Een voedselbos is aangelegd als een bos, maar met zoveel mogelijk soorten die eetbaar zijn voor de mens. De aanleg van een voedselbos volgt zoveel mogelijk de natuurlijke opbouw van een bos, met ruimte voor verschillende vegetatielagen. In een voedselbos staan dus niet alleen hoge bomen. Er is ook ruimte voor lage bomen, struiken, kruidachtige gewassen, bodembedekkers en klimplanten. Voedselbossen zijn per definitie erg gevarieerd.

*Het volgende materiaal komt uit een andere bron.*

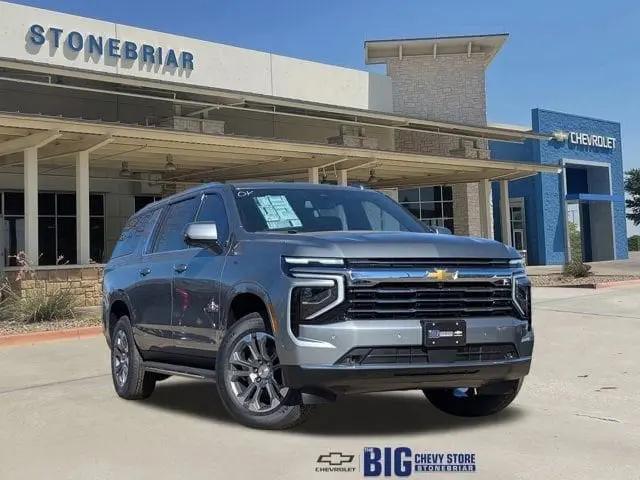 2026 Chevrolet Suburban LT, RWD for sale in Frisco, TX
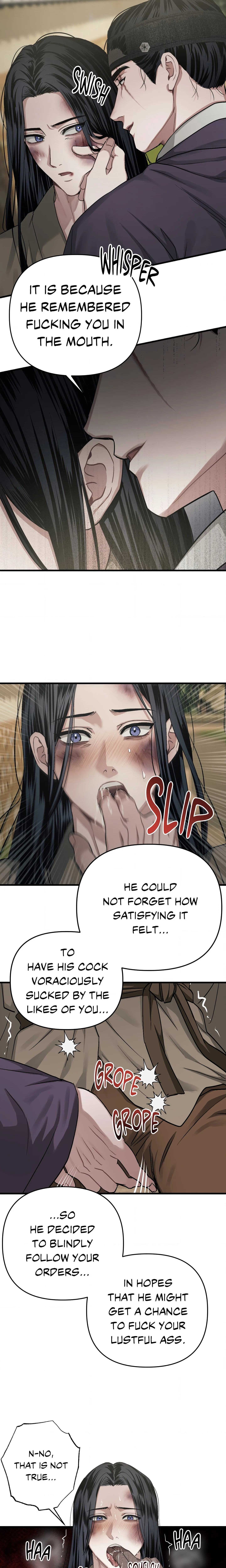 Lay Your Hand in Mine (Uncensored) Chapter 12 page 7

Een voedselbos wordt zo ontworpen dat het een zelfstandig ecosysteem vormt. Verbetering van de bodemkwaliteit krijgt daarbij veel aandacht, zodat er een gezond bodemleven en een goed watervasthoudend vermogen ontstaat. Natuurlijke processen en kringlopen staan voorop bij het ontwerp. Dit samenhangende geheel van vegetatie trekt vervolgens insecten, vogels en andere dieren aan. Voedselbossen staan dan ook vaak bekend om hun grote biodiversiteit.
Om een zelfstandig ecosysteem te kunnen vormen heeft een voedselbos een bepaalde omvang nodig. De Stichting Voedselbosbouw Nederland houdt een minimale grootte van 0,5 ha aan voor een voedselbos in een ecologisch rijke omgeving. Is de omgeving arm, dan kan een grotere omvang nodig zijn voor een goed functionerend voedselbos.